27-04-2024 11:33 PM Jerusalem Timing

Search for Vanished Malaysia Jet Widens

Search for Vanished Malaysia Jet Widens

The desperate search for a Malaysian jet which vanished carrying 239 people was significantly expanded on Monday with frustrations mounting over the failure to find any trace of the plane

The desperate search for a Malaysian jet which vanished carrying 239 people was significantly expanded on Monday with frustrations mounting over the failure to find any trace of the plane.
  
The initial zone spread over a 50 nautical miles (92 kilometres) radius around the point where flight MH370 disappeared over the South China Sea in the early hours of Saturday morning, en route from Kuala Lumpur to Beijing.
  
Malaysian authorities announced it was doubling the size of the search area to 100 nautical miles. "The area of search has been expanded in the South China Sea," Civil Aviation Department chief Azharuddin Abdul Rahman told reporters late Monday.
  
He also confirmed the search area covers land on the Malaysian peninsula itself, the waters off its west coast and an area to the north of the Indonesian island of Sumatra. The huge area now being covered reflects authorities' bafflement over the disappearance of the flight, with 40 ships and more than 30 planes finding no sign of it.
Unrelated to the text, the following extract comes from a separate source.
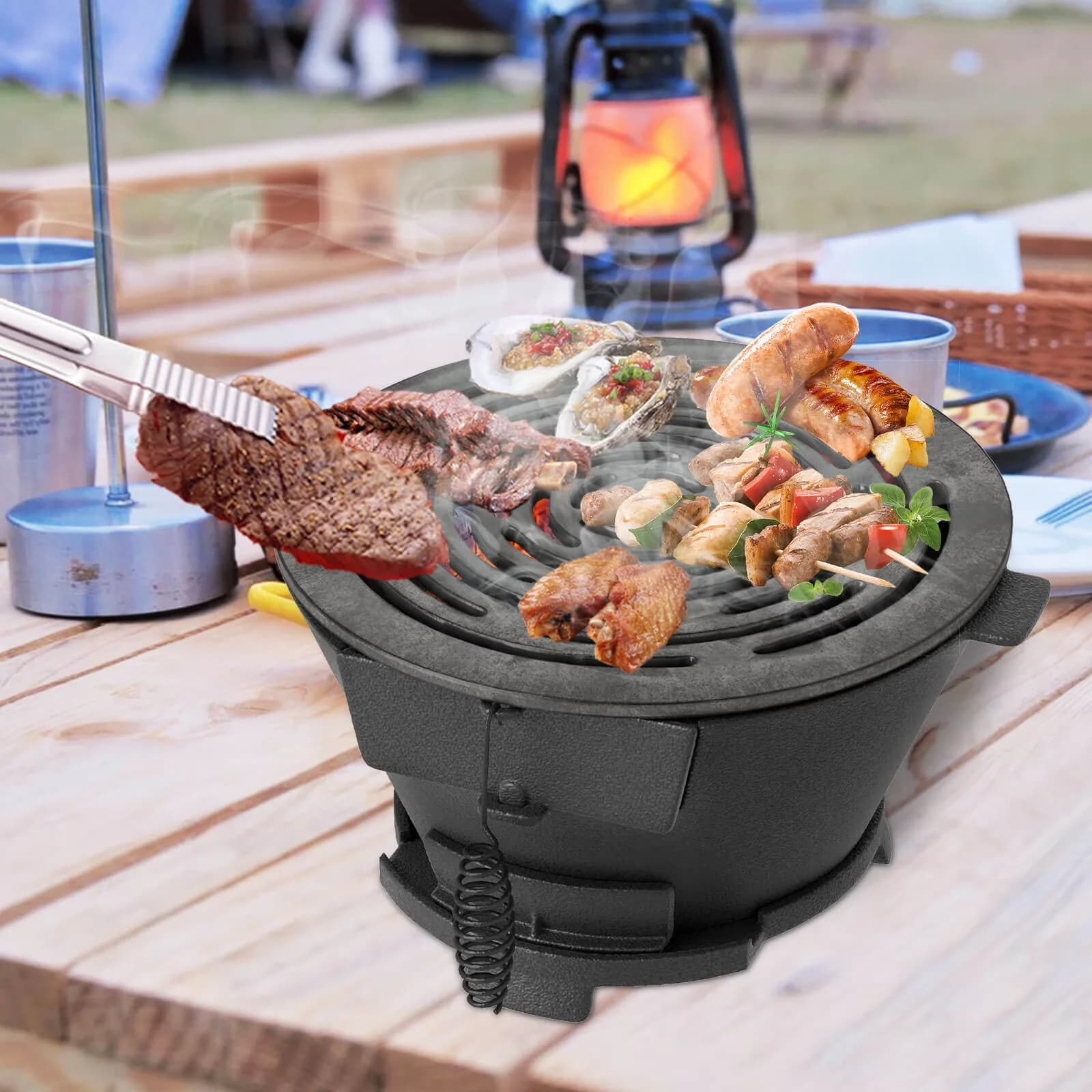 Flat Top Grill Sleek with Rust Resistant, Portable, Round Hibachi - Cast Iron Black Model CDE017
Malaysia has launched a terror probe after at least two of the passengers on board the plane were found to have travelled on stolen passports. Two European names -- Christian Kozel, an Austrian, and Luigi Maraldi of Italy -- were listed on the passenger list, but neither man boarded the plane.
  
Both had their passports stolen in Thailand in the last two years and questions swirled over how the two passengers using their documents managed to board the flight.
  
The United States has sent an FBI team to help investigate the passengers, but US officials stressed there was as yet no evidence of terrorism.